Socially Connected Organizations: Scientific Objectives

  • Systematically survey, document, and analyse the perception about and practices with social media channels in diverse organizational settings, public vs. private sector, and across diverse set of contexts, cultures, countries, languages, ­religions, and markets.

  • Design a technical architecture and develop a technology infrastructure that provides methods, tools, and solutions for social media engagement, analytics, and management by involving researchers from computer science, systems engineering, Internet science, organizational psychology, computational linguistics, cognitive sciences, human-computer interaction, and technology management.

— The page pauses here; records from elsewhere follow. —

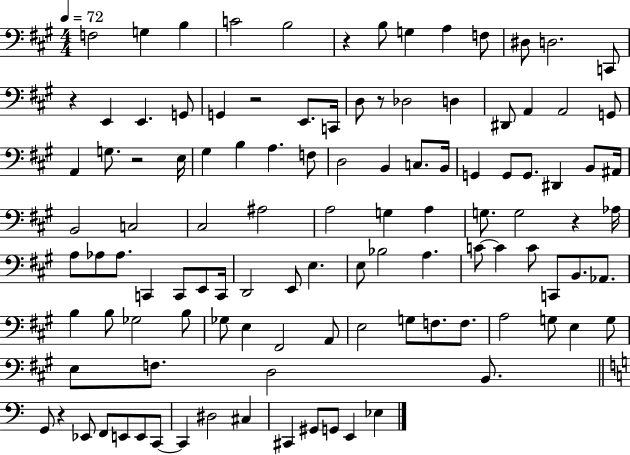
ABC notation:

X:1
T:Untitled
M:4/4
L:1/4
K:A
F,2 G, B, C2 B,2 z B,/2 G, A, F,/2 ^D,/2 D,2 C,,/2 z E,, E,, G,,/2 G,, z2 E,,/2 C,,/4 D,/2 z/2 _D,2 D, ^D,,/2 A,, A,,2 G,,/2 A,, G,/2 z2 E,/4 ^G, B, A, F,/2 D,2 B,, C,/2 B,,/4 G,, G,,/2 G,,/2 ^D,, B,,/2 ^A,,/4 B,,2 C,2 ^C,2 ^A,2 A,2 G, A, G,/2 G,2 z _A,/4 A,/2 _A,/2 _A,/2 C,, C,,/2 E,,/2 C,,/4 D,,2 E,,/2 E, E,/2 _B,2 A, C/2 C C/2 C,,/2 B,,/2 _A,,/2 B, B,/2 _G,2 B,/2 _G,/2 E, ^F,,2 A,,/2 E,2 G,/2 F,/2 F,/2 A,2 G,/2 E, G,/2 E,/2 F,/2 D,2 B,,/2 G,,/2 z _E,,/2 F,,/2 E,,/2 E,,/2 C,,/2 C,, ^D,2 ^C, ^C,, ^G,,/2 G,,/2 E,, _E,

  • Empirically investigate the operational issues and managerial challenges in the adoption, use, and impact of social media and social software in organizations and build empirically informed, verified, and validated theories, models, and frameworks for social media engagement, social media analytics, and social media management.

  • Identify and strengthen the knowledge base of emerging scientific fields such as visual analytics, predictive analytics, social media analytics, and social media management.

Socially Connected Organizations: Organizational and Societal Objectives

  • Deploy a state-of-the-art technical infrastructure and technological solutions into Danish organizations to address technological problems, operational issues, and managerial challenges with respect to social media and social data.

  • Develop a framework to empirically investigate the correlation between social media information and key performance indicators for Danish organizations in public and private sectors.

  • Develop and evaluate a social media management framework that empowers practitioners to create empirically informed social media management strategies, policies, and practices.

  • Design, deliver, and evaluate research-based education programmes to jump-start the certification of and training for the first generation of social media curators, analysts, and managers in university and organizational settings.

  • Empower and promote the active engagement of citizens and customers in social media by ensuring that their voice is heard by public institutions and private enterprises.